Scraped caption text data:

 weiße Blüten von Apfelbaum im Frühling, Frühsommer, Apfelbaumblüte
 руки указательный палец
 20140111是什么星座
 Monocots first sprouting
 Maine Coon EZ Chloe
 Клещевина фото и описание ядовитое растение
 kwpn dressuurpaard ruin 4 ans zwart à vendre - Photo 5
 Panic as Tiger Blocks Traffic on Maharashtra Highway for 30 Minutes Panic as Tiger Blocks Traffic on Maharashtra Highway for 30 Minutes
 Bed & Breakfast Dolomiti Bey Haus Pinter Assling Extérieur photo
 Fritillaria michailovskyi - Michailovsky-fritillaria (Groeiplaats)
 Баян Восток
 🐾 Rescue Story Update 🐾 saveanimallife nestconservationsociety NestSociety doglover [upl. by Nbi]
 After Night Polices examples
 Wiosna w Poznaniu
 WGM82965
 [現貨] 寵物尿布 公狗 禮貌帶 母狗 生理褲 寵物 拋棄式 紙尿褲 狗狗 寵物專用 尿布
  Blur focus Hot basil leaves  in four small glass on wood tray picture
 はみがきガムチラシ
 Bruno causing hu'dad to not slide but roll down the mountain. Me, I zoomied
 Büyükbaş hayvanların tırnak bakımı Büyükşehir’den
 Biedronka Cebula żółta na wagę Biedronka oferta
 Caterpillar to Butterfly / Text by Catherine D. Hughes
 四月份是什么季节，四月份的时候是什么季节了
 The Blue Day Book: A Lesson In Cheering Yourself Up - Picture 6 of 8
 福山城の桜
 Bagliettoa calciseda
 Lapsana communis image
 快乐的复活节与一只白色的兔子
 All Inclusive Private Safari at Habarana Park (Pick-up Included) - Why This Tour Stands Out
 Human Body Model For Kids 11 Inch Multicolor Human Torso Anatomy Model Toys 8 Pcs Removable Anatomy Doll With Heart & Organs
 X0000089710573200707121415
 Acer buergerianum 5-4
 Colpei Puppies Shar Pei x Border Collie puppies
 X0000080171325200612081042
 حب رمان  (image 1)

-- What to do --
An exact copy of the lines from the one holding "Баян Восток" through the end of the data is the whole answer.

-- Solution --
 Баян Восток
 🐾 Rescue Story Update 🐾 saveanimallife nestconservationsociety NestSociety doglover [upl. by Nbi]
 After Night Polices examples
 Wiosna w Poznaniu
 WGM82965
 [現貨] 寵物尿布 公狗 禮貌帶 母狗 生理褲 寵物 拋棄式 紙尿褲 狗狗 寵物專用 尿布
  Blur focus Hot basil leaves  in four small glass on wood tray picture
 はみがきガムチラシ
 Bruno causing hu'dad to not slide but roll down the mountain. Me, I zoomied
 Büyükbaş hayvanların tırnak bakımı Büyükşehir’den
 Biedronka Cebula żółta na wagę Biedronka oferta
 Caterpillar to Butterfly / Text by Catherine D. Hughes
 四月份是什么季节，四月份的时候是什么季节了
 The Blue Day Book: A Lesson In Cheering Yourself Up - Picture 6 of 8
 福山城の桜
 Bagliettoa calciseda
 Lapsana communis image
 快乐的复活节与一只白色的兔子
 All Inclusive Private Safari at Habarana Park (Pick-up Included) - Why This Tour Stands Out
 Human Body Model For Kids 11 Inch Multicolor Human Torso Anatomy Model Toys 8 Pcs Removable Anatomy Doll With Heart & Organs
 X0000089710573200707121415
 Acer buergerianum 5-4
 Colpei Puppies Shar Pei x Border Collie puppies
 X0000080171325200612081042
 حب رمان  (image 1)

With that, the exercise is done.